A Nice Problem to Have

The speaker was Patricia Fresen, a bishop in the Roman Catholic Womenpriests movement. The day, Nov. 11; the occasion, a jubilant ceremony at a Jewish synagogue, during which Fresen would ordain two women -- the latest of a series of such ceremonies, aimed at helping women to fulfill what they say is their calling: to serve the church as Catholic priests.

Fresen, presider and homilist at the event, is a former Dominican nun of 45 years and a former seminary professor in South Africa. As a native English-speaker, she oversees the movement’s formation program for candidates in English-speaking countries and has quickly become its best-known bishop in the United States.
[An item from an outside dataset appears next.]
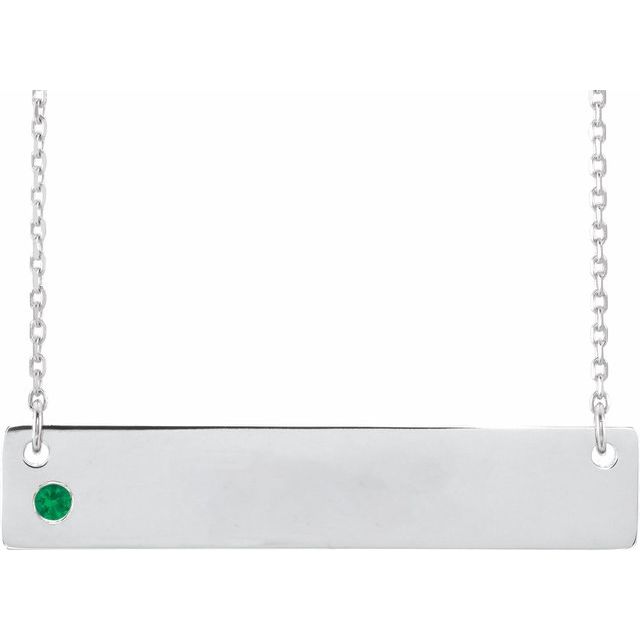 14K White Lab-Grown Emerald Engravable Bar 16-18" Necklace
Though still a small organization, Roman Catholic Womenpriests has grown exponentially since it began just five years ago with the ordination of the so-called Danube Seven -- seven women ordained on a boat on the Danube River in 2002. The growth -- its leading edge in North America -- has surprised some, met expectations of others, and is clearly worrying some members of the church hierarchy.

“We have a lot of new applicants,” Fresen said in an interview the week before the ordinations. “I now have five assistant program coordinators, and we can barely keep up. It has amazed me. We never thought it would take off like this.”

Given the international dimensions of the movement and the increasing frequency of ordinations, tracking the numbers has been a bit tricky, but Bridget Mary Meehan, U.S. spokeswoman, finds it “a nice problem to have.” By Fresen’s count, since those first ordinations in 2002, 50 people -- including six men -- have been ordained, bringing the total to 37 in the United States and Canada and 50 worldwide. Leaders report that another hundred or so have entered the movement’s formal pre-ordination training program. In the United States, the rising numbers prompted a decision last fall to divide the country into five regions to deal more effectively with the demand.

5 comments:

Alice C. Linsley said...

She is no recognized as a priest by the Roman Catholic Church, nor are those women she ordains. What will she do?

Is it possible for a woman to be a priest in the Tradition received by Christianity from the Afro-Asiatics? Are there female brahams? There are no female priests in Africa.

Agnikan said...

There are some movements in India in which women may be Vedic priests. I'm not up on the latest arguments, but some believe that some of the authors of the Vedas were women, and possibly priests; the modern movements would then be seen as attempting to restore women priesthood in the Vedic tradition.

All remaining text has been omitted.